6. The Caretaker (Performance Workshop Theatre) The fine production of this Harold Pinter fable offered an unsettling variation on the theme of “no good deed goes unpunished” as Aston (Michael Salconi) brought home a disheveled homeless man (Marc Horwitz) to spend the night. The guest not only refused to leave but complained about the accommodations, and the nuanced acting kept our allegiances shifting back and forth. (GH)

7. Dance of the Holy Ghosts (Center Stage) Marcus Gardley is a relatively obscure young playwright, but this Baltimore premiere at Center Stage revealed an important new American play built around the simultaneously magnetic and repellent figure of Oscar Clifton (Michael Genet).
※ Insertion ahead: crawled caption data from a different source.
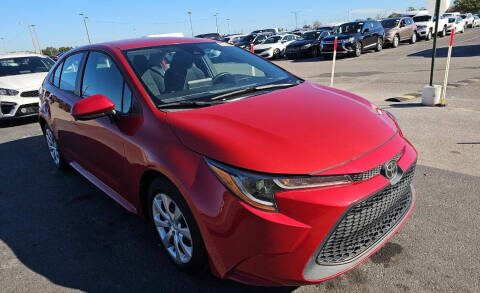 2020 Toyota Corolla for sale at Autos Direct Latino Center in Fredericksburg VA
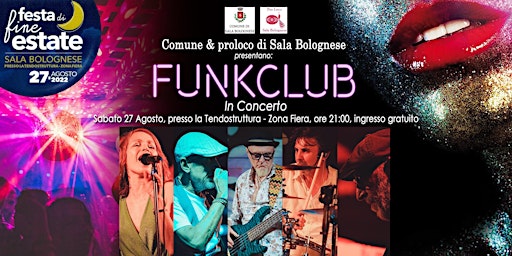 A Sala Bolognese arrivano i FunkClub!
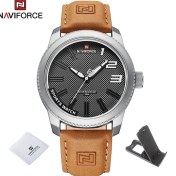 Resim Hanyang Swlbn Navıforce Popüler Erkek Kol Saati Askeri Spor Darbeye Dayanıklı Su Geçirmez Deri Izle Erkekler Moda Rahat Saat Relogio Masculino (Yurt Dışından) 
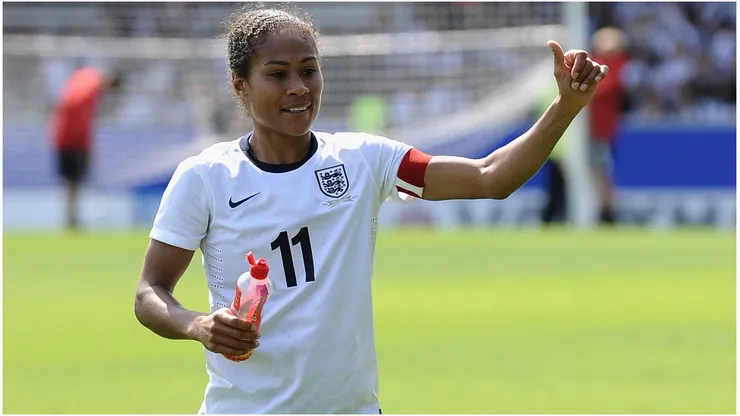 Rachel Yankey of England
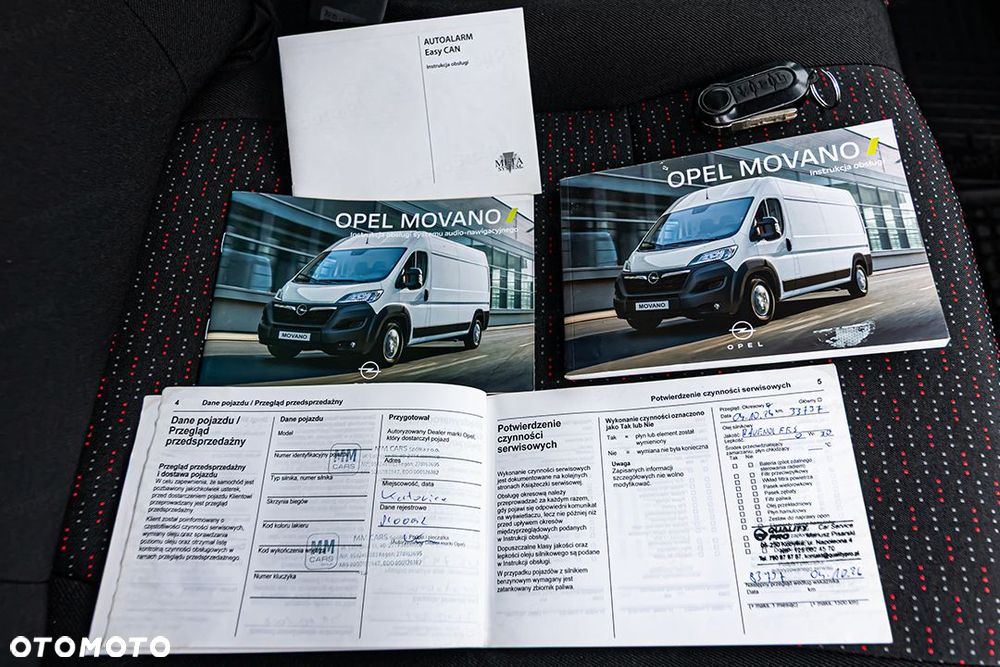 Opel Movano Heavy L3H2 2.2 140KM - 26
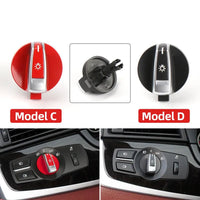 Bouton d'Éclairage BMW Série 5 F10 Série 7 F01 F02 F07 — détail de finition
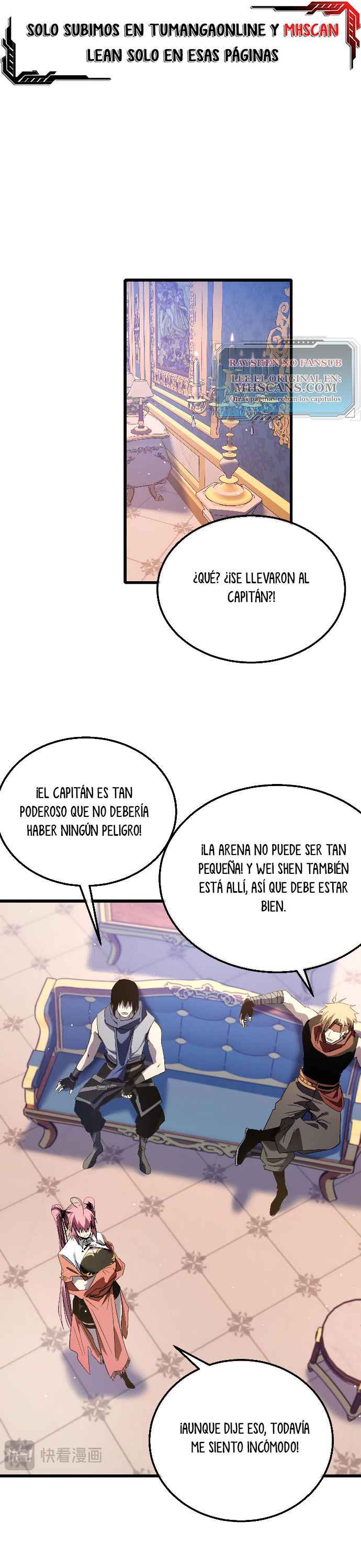 Read Mis habilidades pasivas son invencibles ES Manga Online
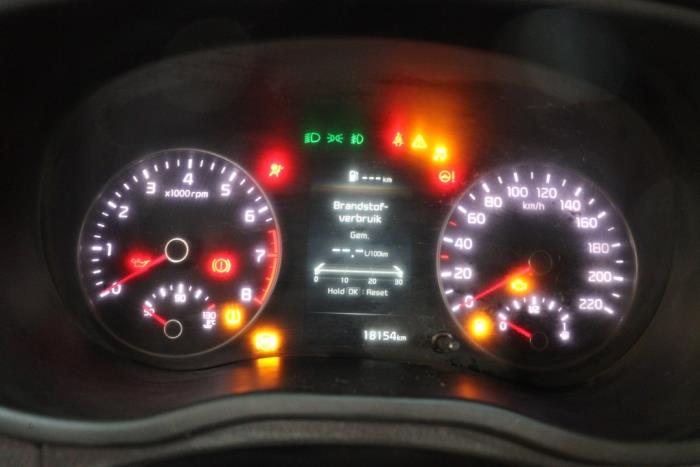 Kia Picanto 1.0 DPi 12V Sloopvoertuig (2023, Zwart)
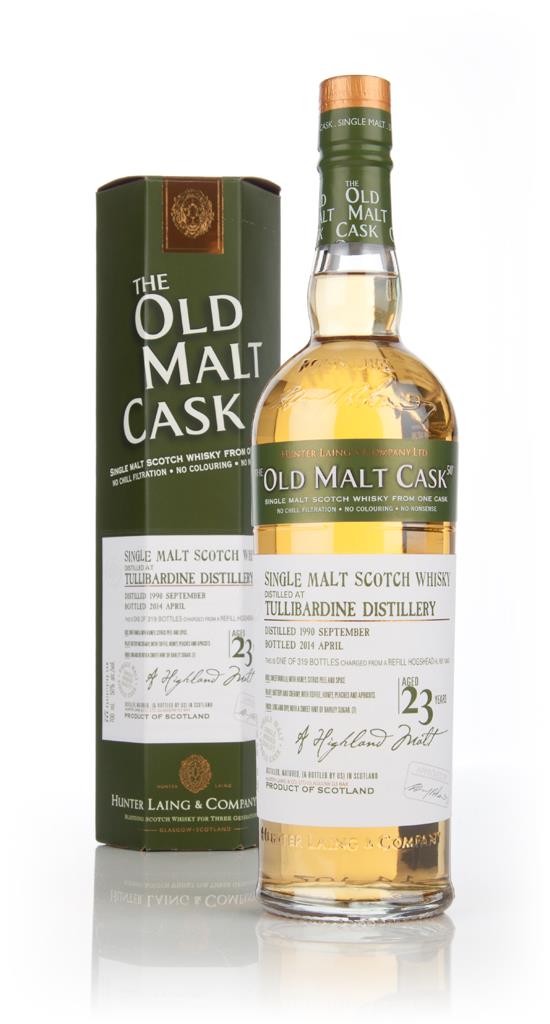 Tullibardine 23 Year Old 1990 (cask 10453) - Old Malt Cask (Hunter Lai Single Malt Whisky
An Oakland blues singer from Louisiana, Oscar loved his estranged wife and his grandson so much that he drove them crazy—and he had much the same effect on us. (GH)
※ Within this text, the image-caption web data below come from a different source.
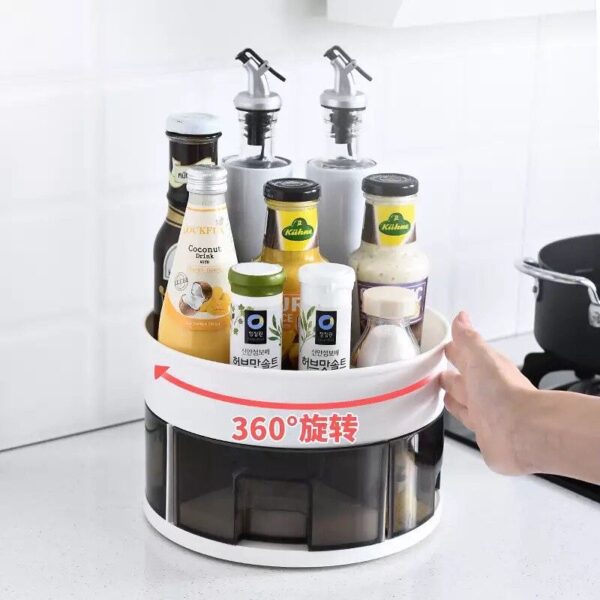 Mnm Box Deals | Multifunctional Revolving Storage Rack Multifunctional Revolving Storage Rack - Image 4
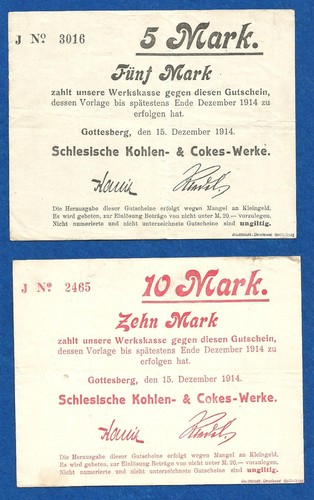 350 notgeld gottesberg - 03,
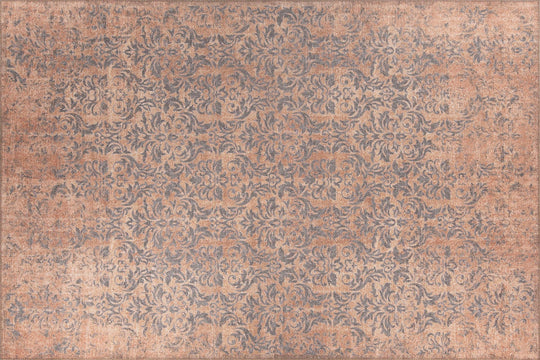 Covor BLUES CHENILLE, 75x150 cm, forma dreptunghiulara, poliester, maro/gri, AL 318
8. Medea (Mobtown Players) Director Melissa O’Brien’s rendering of Euripides’ most tragic heroine as a starlet in the Golden Age of Hollywood could have turned out hokey. Instead, O’Brien’s direction found the perfect vehicle in Rachel Rash’s silent-movie elegance and superb acting. The conceit even allowed for a super little silent movie, “A Flock of Sorrows,” within the play. (BW)
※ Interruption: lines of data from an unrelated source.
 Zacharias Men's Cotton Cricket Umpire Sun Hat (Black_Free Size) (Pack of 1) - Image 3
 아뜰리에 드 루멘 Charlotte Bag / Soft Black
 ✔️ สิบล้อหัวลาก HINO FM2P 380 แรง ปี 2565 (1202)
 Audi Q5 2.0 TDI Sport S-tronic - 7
9. Two Suns over Thebes (Annex Theater) We first fell in love with Alex Hacker’s writing in last year’s This Bird’s Flown. Two Suns over Thebes took those writing chops and applied them to translating Euripides’ Bacchae. Bolstered by a spectacular chorus and music from Dan Deacon and Matmos, Two Suns captured the Dionysian spirit of tragedy. (BW)

10. St. Nicholas (Performance Workshop Theatre) This one-man show was an unlikely success, given the unappealing personality of its protagonist—an adulterous, pompous alcoholic drama critic in Dublin—and an unlikely plot digression involving vampires. But the witty, self-lacerating script by Conor McPherson and the remarkable performance by Performance Workshop Theatre mainstay Marc Horwitz drew us in and wouldn’t let go. (GH)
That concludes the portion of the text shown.